Sommes-nous sortis de la bulle de l’énergie solaire ? Au regard de cette année 2011 riche en événements dans le secteur de l’énergie, je peux facilement répondre OUI ! Paré de toutes les vertus en 2007, le secteur a lourdement chuté dans la lignée de la crise économique de 2008.

Après la période de stagnation qui s’en est suivie, le marché a décroché une nouvelle fois dès le début de l’année 2011, avec une baisse de 60% en moyenne. De l’environnement, ça commence à suffire” de Nicolas Sarkozy, à la faillite de Solyndra aux Etats-Unis, le secteur est passé en un temps record de “secteur d’avenir” à un “secteur spéculatif”.

Preuve de la défiance des marchés, le tracker Guggenheim Solar, adossé à l’indice de l’industrie solaire MAC Global Solar Energy, a perdu plus de 50% de sa valeur depuis le mois d’août 2011. Ce ralentissement du marché est dû à trois facteurs :
– la concurrence chinoise ;
– l’arrêt des subventions dans de nombreux pays, notamment européens ;
– le financement de technologies pas encore matures.

Pourtant le secteur n’a rien perdu de son caractère stratégique. Qui peut soutenir honnêtement aujourd’hui que le baril de pétrole redescendra bientôt à 40 $ ? Que le sommet de Copenhague sur le climat n’a pas été suivi par la planète entière ? Ou encore que le charbon est une énergie d’avenir ? Nous sommes en train de vivre actuellement une rationalisation du secteur.

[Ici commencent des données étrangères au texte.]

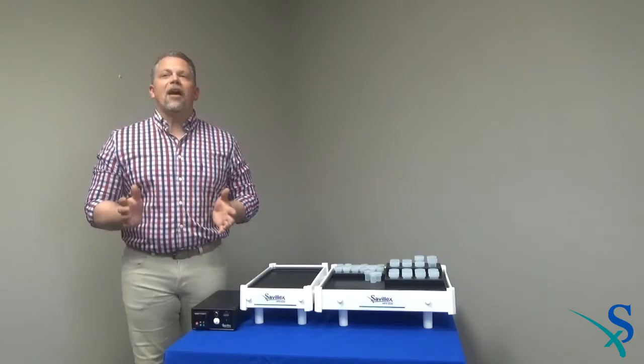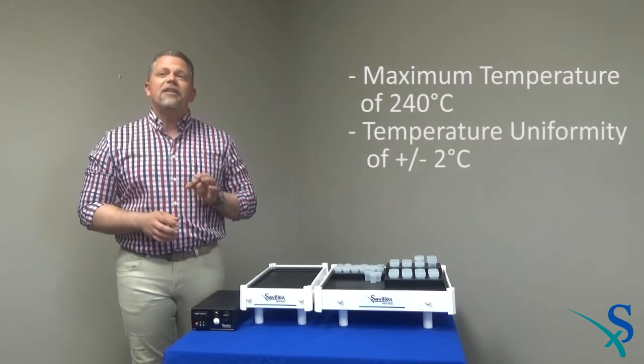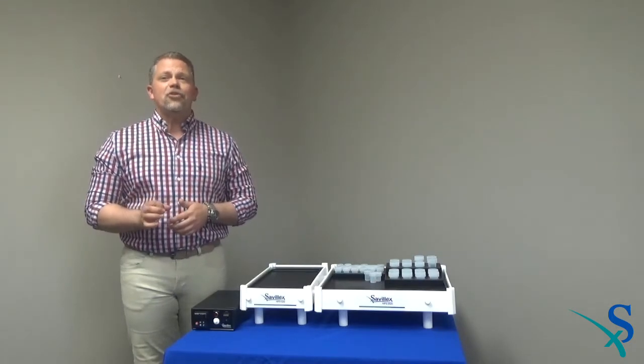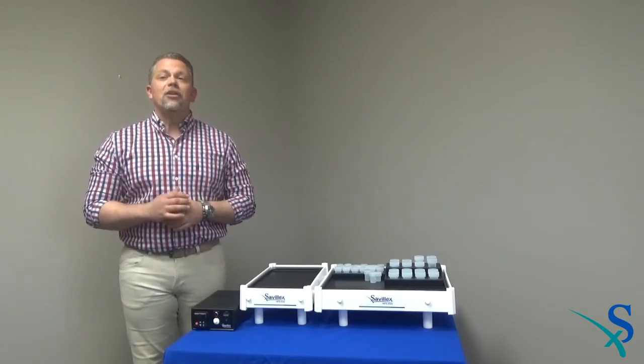The HPX hot plates have a maximum temperature of 240 degrees C and a temperature uniformity of plus or minus 2 degrees C. This temperature uniformity is very important for any lab performing critical metals analyses. All samples being digested or evaporated must be exposed to the same temperatures to ensure reproducibility and high quality data.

Le secteur de l’énergie photovoltaïque est en train de corriger ses excès d’avant 2008. Depuis le début de la crise, nous sommes progressivement sortis de cet environnement “Far West” de l’industrie, selon les propres mots d’un producteur français de panneaux photovoltaïques. Le secteur a amorcé une phase de concentration où les valeurs les plus faibles ont été rachetées, ou ont fait faillite. Le marché aborde donc l’année 2012 sous un nouveau jour.

D’une part, une série de faillites a permis de faire le tri parmi les producteurs. Les tarifs des subventions publiques sont désormais soutenables dans le temps pour les gouvernements. Et enfin, le secteur du photovoltaïque demeure un terreau fabuleux pour l’innovation. J’ai justement repéré, pour vous, une société française qui a réussi à tenir la dragée haute aux sociétés chinoises du low solar ou aux géants américains.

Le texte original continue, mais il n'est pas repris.